Suppose a basketball player successfully makes 70% of the free throw shots they attempt. Let X

represent the number of successful attempts in 120 independent attempted free throws.
(A) What is the true probability distribution of X?
(B) Find the mean and variance of the number of successful throws.
(C) Approximate probability that the player will successfully make at least 90 of the attempted free
throws. Justify the approximation you use.
(D) Using the same approximation method from part (C), approximate the probability that the player
will successfully make between 80 and 100 of the attempted free throws.

To answer these questions, we will use the binomial probability distribution formula. The binomial distribution is appropriate here because each free throw attempt is independent and either a success or a failure.
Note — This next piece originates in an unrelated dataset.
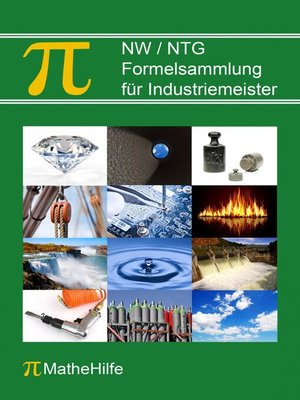cover image of NW / NTG Formelsammlung für Industriemeister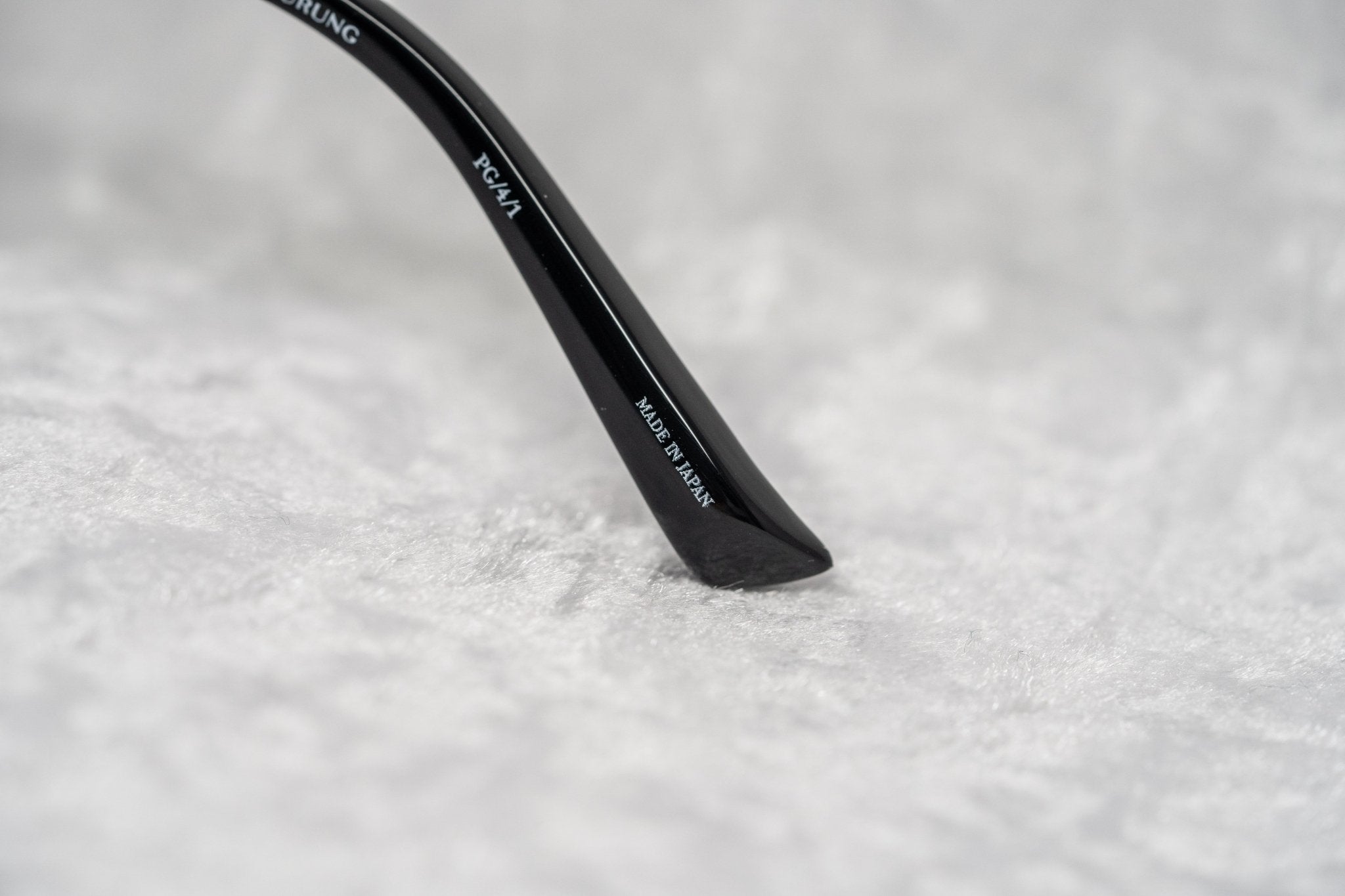 Prabal Gurung Sunglasses Rectangular Black and Grey-GR8 Sunglasses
(A) The true probability distribution of X can be given by the binomial distribution, which is defined as:

P(X=k) = C(n, k) * p^k * (1-p)^(n-k)

Where:
- P(X=k) is the probability of having exactly k successful throws (k successes out of n attempts).
- C(n, k) is the binomial coefficient, also known as "n choose k" or the number of ways to choose k successes out of n trials.
- p is the probability of a single success (in this case, the probability of making a free throw).
- n is the number of independent attempts (in this case, 120 free throws).
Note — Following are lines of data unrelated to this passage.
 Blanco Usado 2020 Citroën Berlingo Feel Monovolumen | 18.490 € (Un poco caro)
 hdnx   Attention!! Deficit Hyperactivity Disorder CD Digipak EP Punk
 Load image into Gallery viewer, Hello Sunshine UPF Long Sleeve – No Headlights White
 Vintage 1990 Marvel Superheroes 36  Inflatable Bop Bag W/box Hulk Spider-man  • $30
(B) The mean (expected value) and variance of the number of successful throws can be calculated using the following formulas:

Mean (μ) = n * p

Variance (σ^2) = n * p * (1-p)

Using the given information, the mean is μ = 120 * 0.7 = 84 successful throws, and the variance is σ^2 = 120 * 0.7 * (1-0.7) = 25.2.

(C) To approximate the probability that the player will successfully make at least 90 of the attempted free throws, we can use the normal approximation to the binomial distribution. For large n and a moderate value of p (not close to 0 or 1), we can use the normal distribution to approximate the binomial distribution.
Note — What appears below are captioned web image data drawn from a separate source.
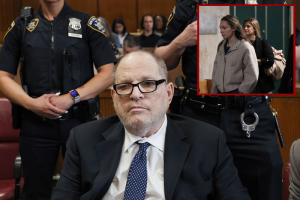 Prosecutors in Manhattan dismiss the rape charge against Harvey Weinstein, avoiding a fourth trial.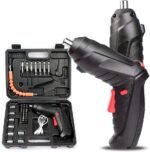 Kit de Tournevis et Perceuse électrique sans fil 47pièces et de clés sans fil rechargeable
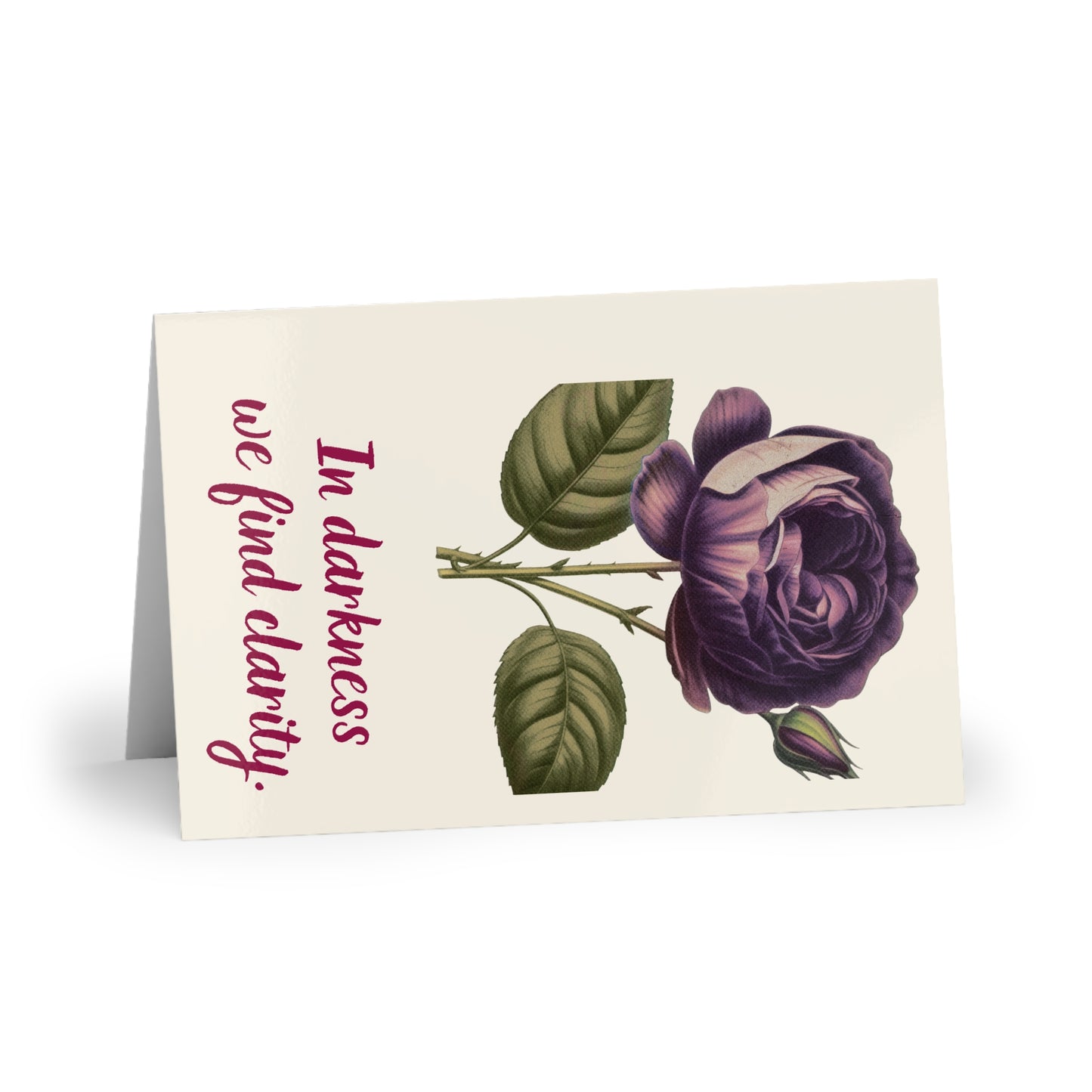The Dreamer's Bookshop - Love Yourself Card "In darkness" - The Dreamer's Bookshop.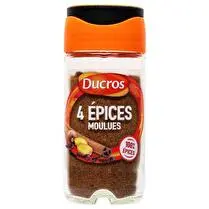 Ducros, Quatre épices moulues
First, we calculate the mean and standard deviation of the binomial distribution:

Mean (μ) = n * p = 120 * 0.7 = 84

Standard Deviation (σ) = √(n * p * (1-p)) = √(120 * 0.7 * (1-0.7)) = √(25.2) ≈ 5.02

Next, we use the normal distribution to approximate the probability:

P(X ≥ 90) ≈ 1 - P(z < (90 - μ) / σ)

P(z < (90 - μ) / σ) can be looked up in the standard normal distribution table or using a calculator to find the corresponding z-score and then use the table or calculator to find the probability.

(D) To approximate the probability that the player will successfully make between 80 and 100 of the attempted free throws, we can use the same normal approximation method as in part (C).

P(80 ≤ X ≤ 100) ≈ P((80 - μ) / σ ≤ z ≤ (100 - μ) / σ)

Again, we can use the standard normal distribution table or a calculator to find the corresponding z-scores, then use the table or calculator to find the probability.